Last updated: June 4, 2026. Loyalty programs change rules frequently. Verify with the program before relying on this for a redemption.

If you collect points, you already know the quiet problem: your balances live in a dozen different places. A few hundred miles here, fifty thousand there, scattered across logins you only remember when you actually need them. And the worst part is the stuff that disappears while you weren’t looking. Miles expire on schedules nobody memorizes, and by the time you notice, they’re already gone.

That problem is bad enough if you fly US airlines. It’s worse if you fly in Europe, because most points trackers were built around the US programs first and treated everything else as an afterthought.
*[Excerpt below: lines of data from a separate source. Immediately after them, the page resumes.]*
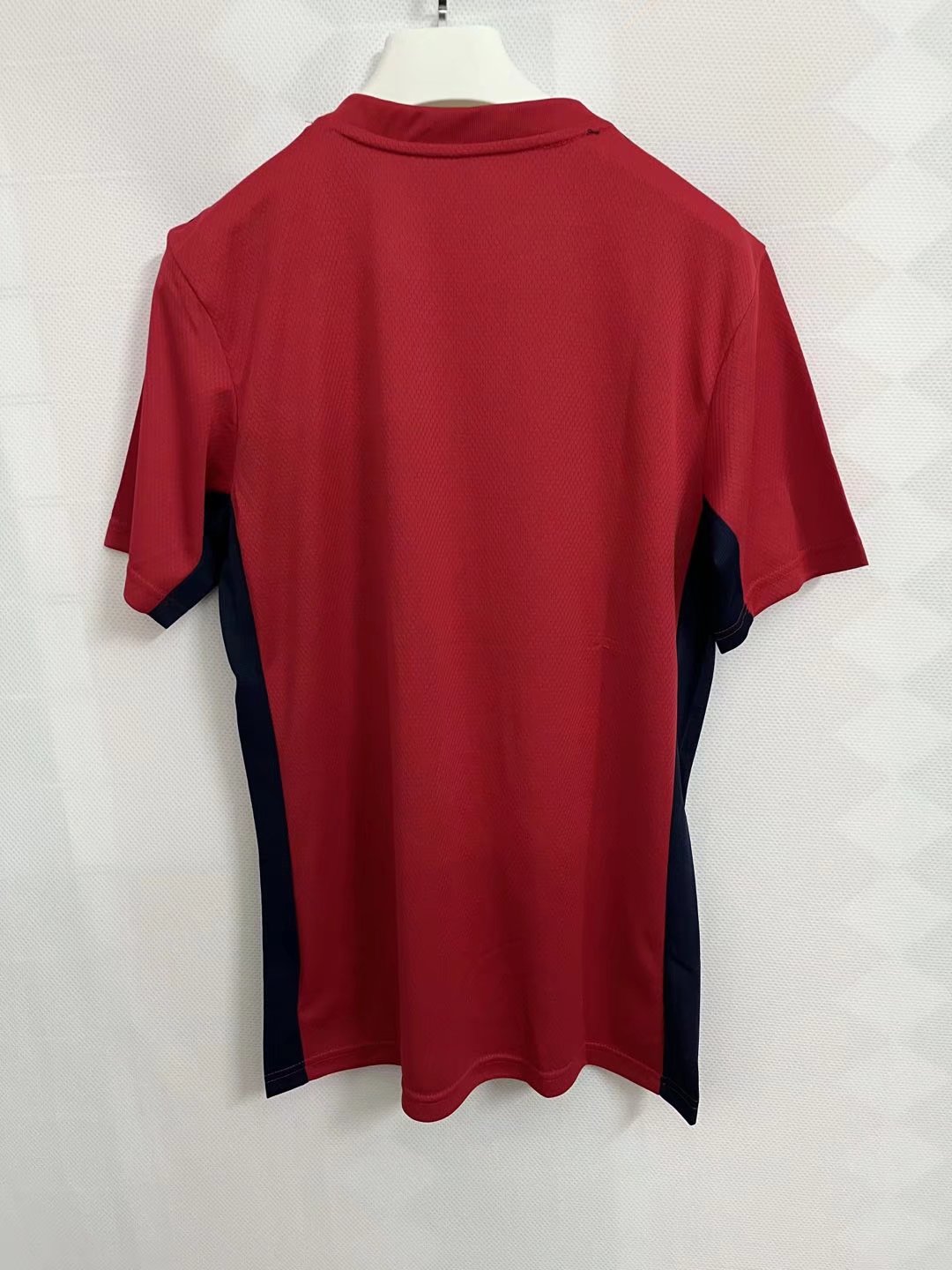 22/23 DALLAS FC Home Jersey Fans Version 1:1 Quality - leoleo123123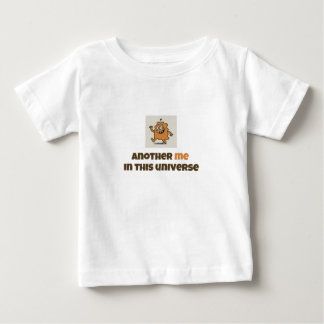 Wonky Zoo - Een andere ik | Kleuter T-shirt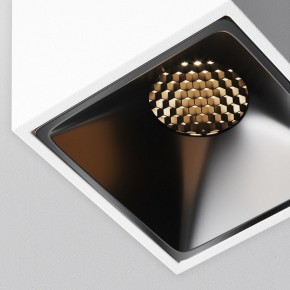 Накладной светильник Maytoni Alfa LED C065CL-8W3K-SQ-WB в Урае - uray.ok-mebel.com | фото 11
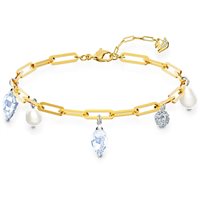 Bracciale Swarovski Donna so cool in Lega metallica 5522861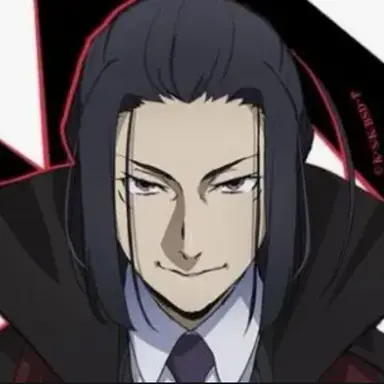 Profile image of 모리 오가이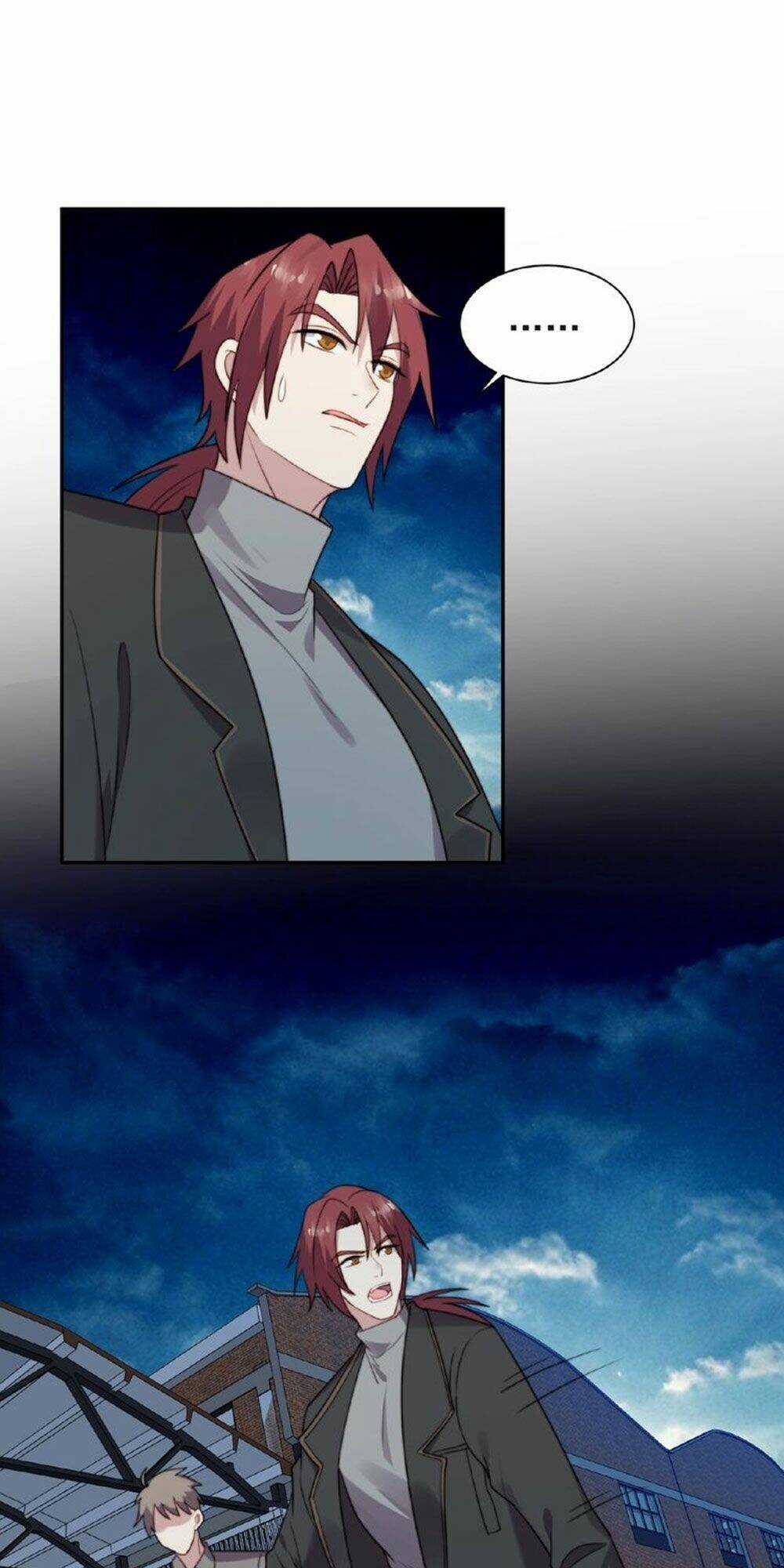 Khóa Chặt Đôi Môi - Chapter 18 - Trang 21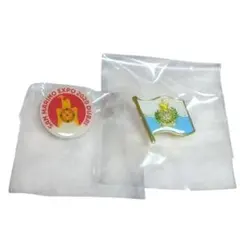 ドバイ万博　パスポート　2冊セット　カントリーパビリオン　コンプリートとおまけ 2025年最新】ドバイ 万博の人気アイテム - メルカリ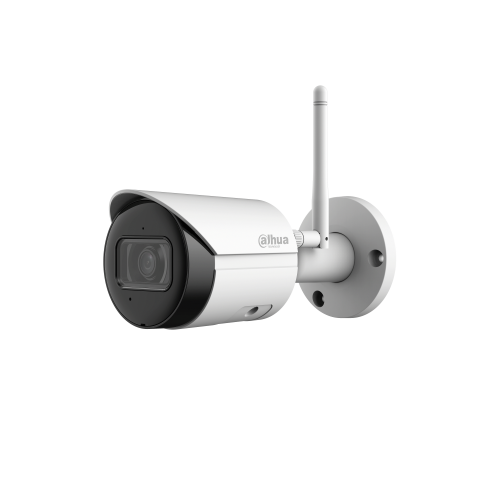 Dahua IPC-HFW1430DS-SAW (3.6mm) Bullet Kamera 4MP WLAN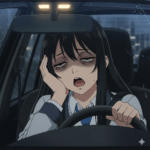 impaired driver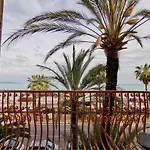 Appartement Palm Tree Promenade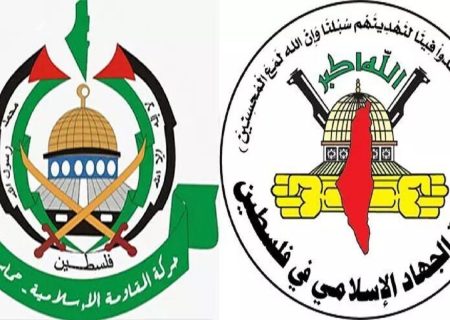 واکنش جنبش حماس و جهاد اسلامی به حمله اسرائیل علیه کنسولگری ایران در دمشق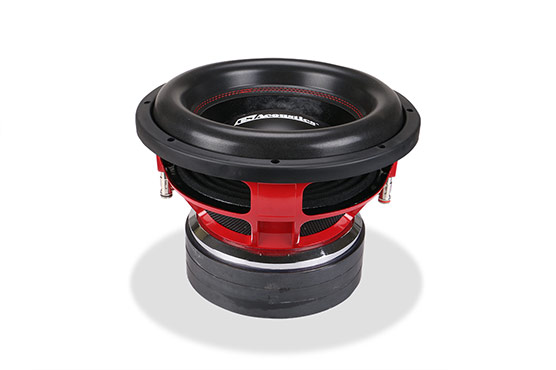 brad subwoofer by US acoustics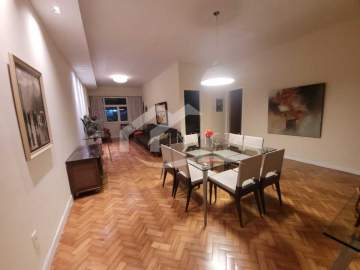 Imperdível - MARAVILHOSO APARTAMENTO NO POSTO 4!!! - FCAP31205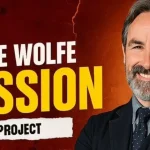 Mike Wolfe Passion Project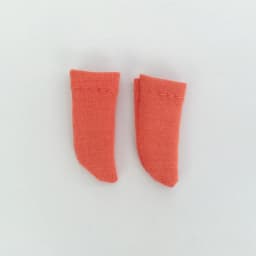 HOUZIWA BJD Doll Accessories 1/12 GSC P9 OB11 Doll Socks
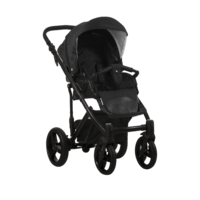 Універсальна коляска 2 в 1 Bebetto Magnum 202 W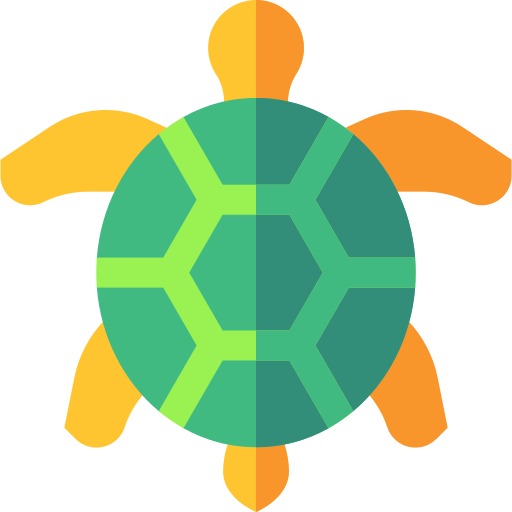 tortuga icono gratis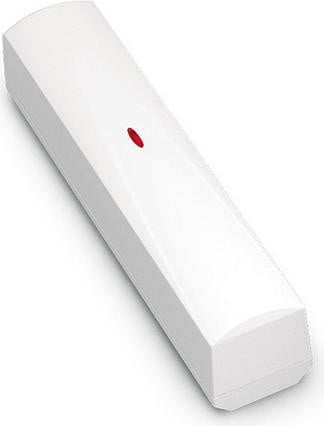 Satel VERSA-MCU uitbreidingsmodule voor beveiligingsalarmsysteem, wit, 12 V, 24 x 27 mm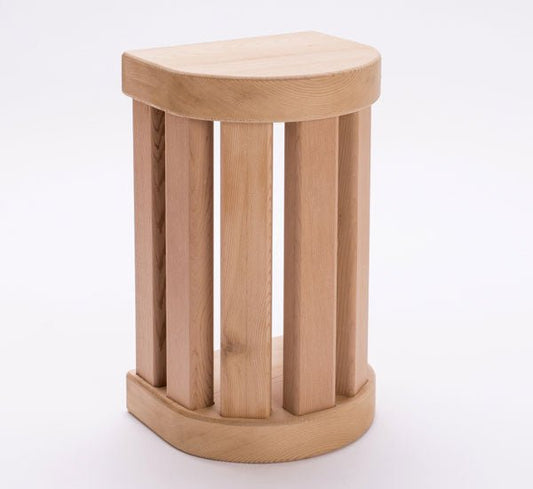 Dundalk LeisureCraft Cedar Light Shade - Sauna Heater Supply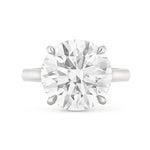 Colorless Diamonds Dominate Top 10 at Christie’s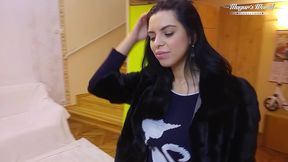 busty milf kira queen being penetrated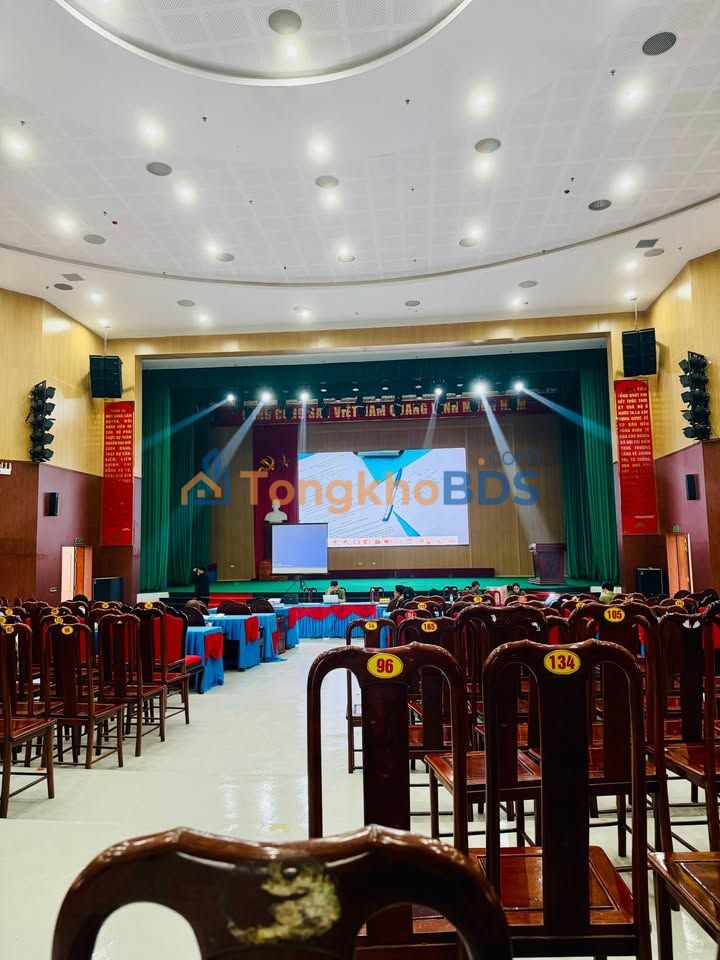 Đất nền Khang Hạ - Vinh: 2 lô góc 200m² giá 1 tỷ - Cơ hội đầu tư sinh lời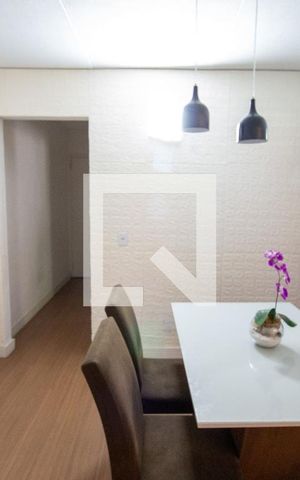 Apartamento à venda com 65m², 3 quartos e 1 vaga Apartamento à venda com 65m², 3 quartos e 1 vagasala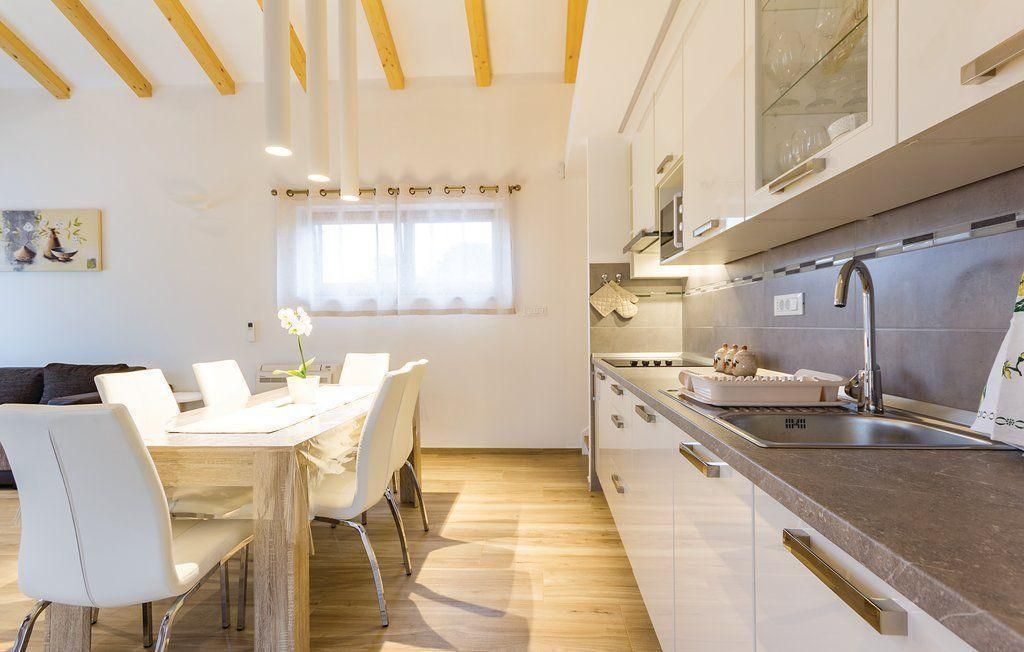 Вилла Šišan, Ližnjan, Хорватия, 108 м² - фото 5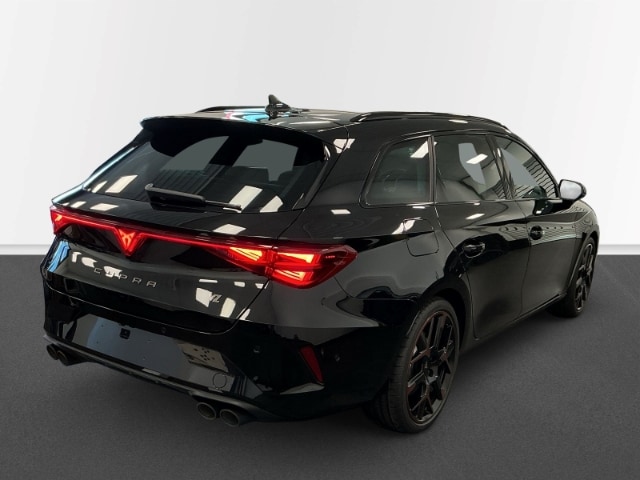 Cupra Leon 2.0 TSI 4Drive Sportstourer VZ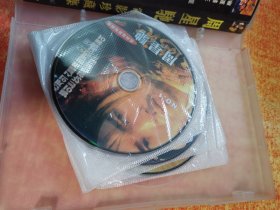 DVD 光盘 8碟 周星驰 电影珍藏集 裸碟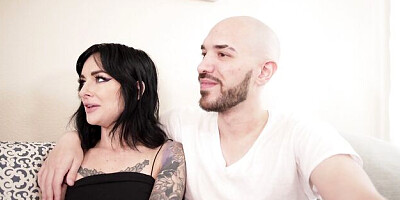 Fairly Lola Fae and Peter King - facial smut - Passions Only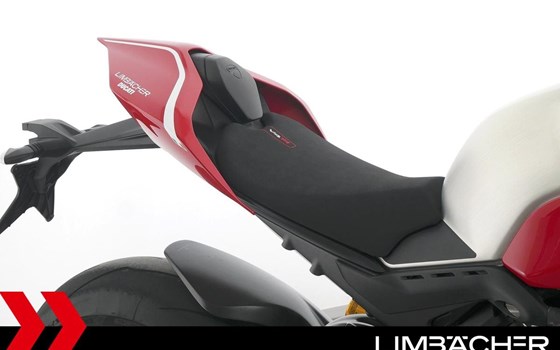 Gebrauchtmotorrad Ducati Panigale V4 R - Bild 23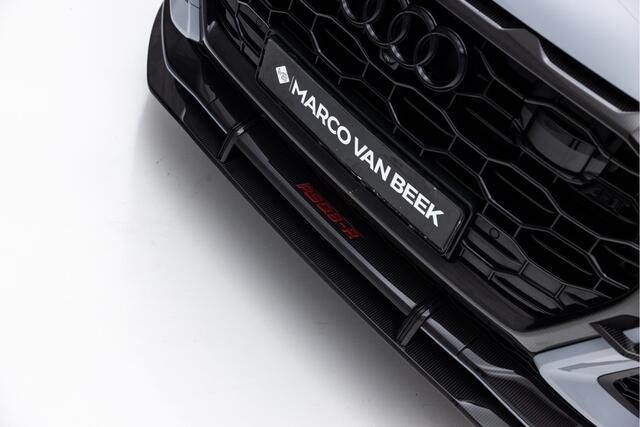 Audi RSQ8 R ABT 1/125 Quattro 740 PK | Pano | B&O High End | Dynamic+ | Carbon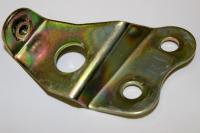 Кронштейн панели приборов, левый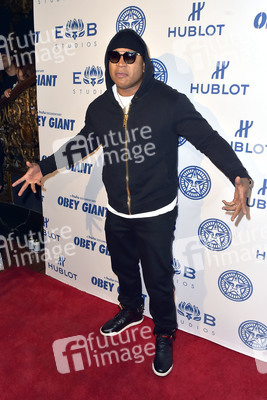 Filmpremiere 'Obey Giant' in Los Angeles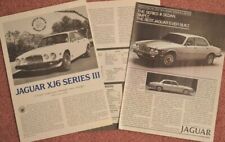 1973 jaguar series for sale  Cleveland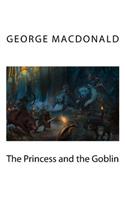 The Princess and the Goblin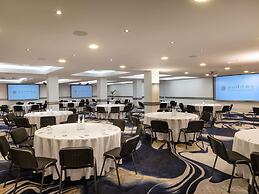 Pullman Auckland Hotel & Apartments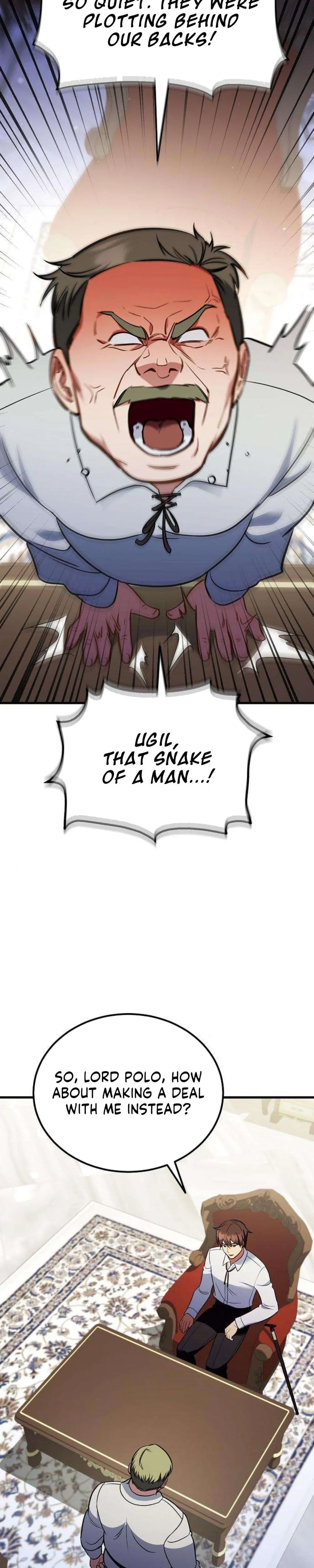 My Wife Waited in the Wheat Fields Chapter 13 Page 12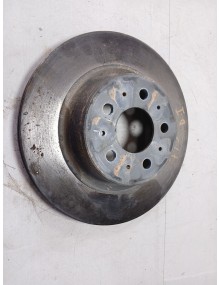 Recambio de disco freno delantero para tesla model 3 (5yj3) ev referencia OEM IAM 104461100D  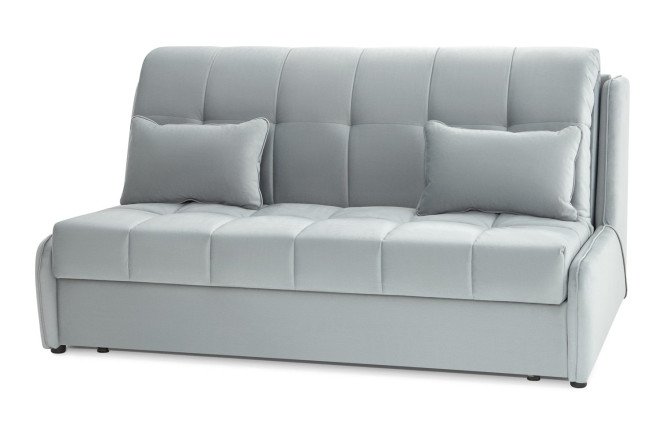 Изображение товара Диван-кровать DREAMART Дрезден с механизмом аккордеон, размеры 173х90,5х114 см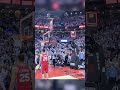 This angle of Kawhi's game winner is unbelievable 🔥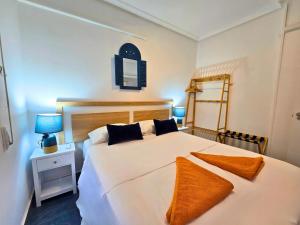 Casa Mar Terraza y Piscina junto al Mediterráneo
If your miles sat with Air France, KLM, Lufthansa, British Airways, or Virgin Atlantic, you were largely on your own, checking each one by hand or not at all.

That changes with this update. PointsPulse now tracks 15 loyalty programs, and the five newest additions are all major international airlines. If you fly in Europe, your miles are now visible in the same dashboard as everything else, pulled in automatically, with no passwords stored anywhere. This post walks through each of the new programs, how their miles actually behave, and the expiration quirk worth knowing for each one.

Why European miles get neglected

There’s a structural reason European frequent flyer balances tend to fall through the cracks for points-tracking tools. The hobby’s center of gravity, at least online, is heavily US-focused: the big trackers, the big forums, the big blogs all grew up around Chase, Amex, and the US airlines. International programs got added later, unevenly, and often only the ones that doubled as US transfer partners.

But a huge number of people hold meaningful balances in these programs. Anyone based in Europe, obviously, but also US-based hobbyists who transferred points into Flying Blue or Avios for a specific redemption, then forgot about the leftover balance. Those mid-sized international airline balances are some of the most commonly lost, because they sit in an account you don’t log into often and they expire on a clock you’re not watching.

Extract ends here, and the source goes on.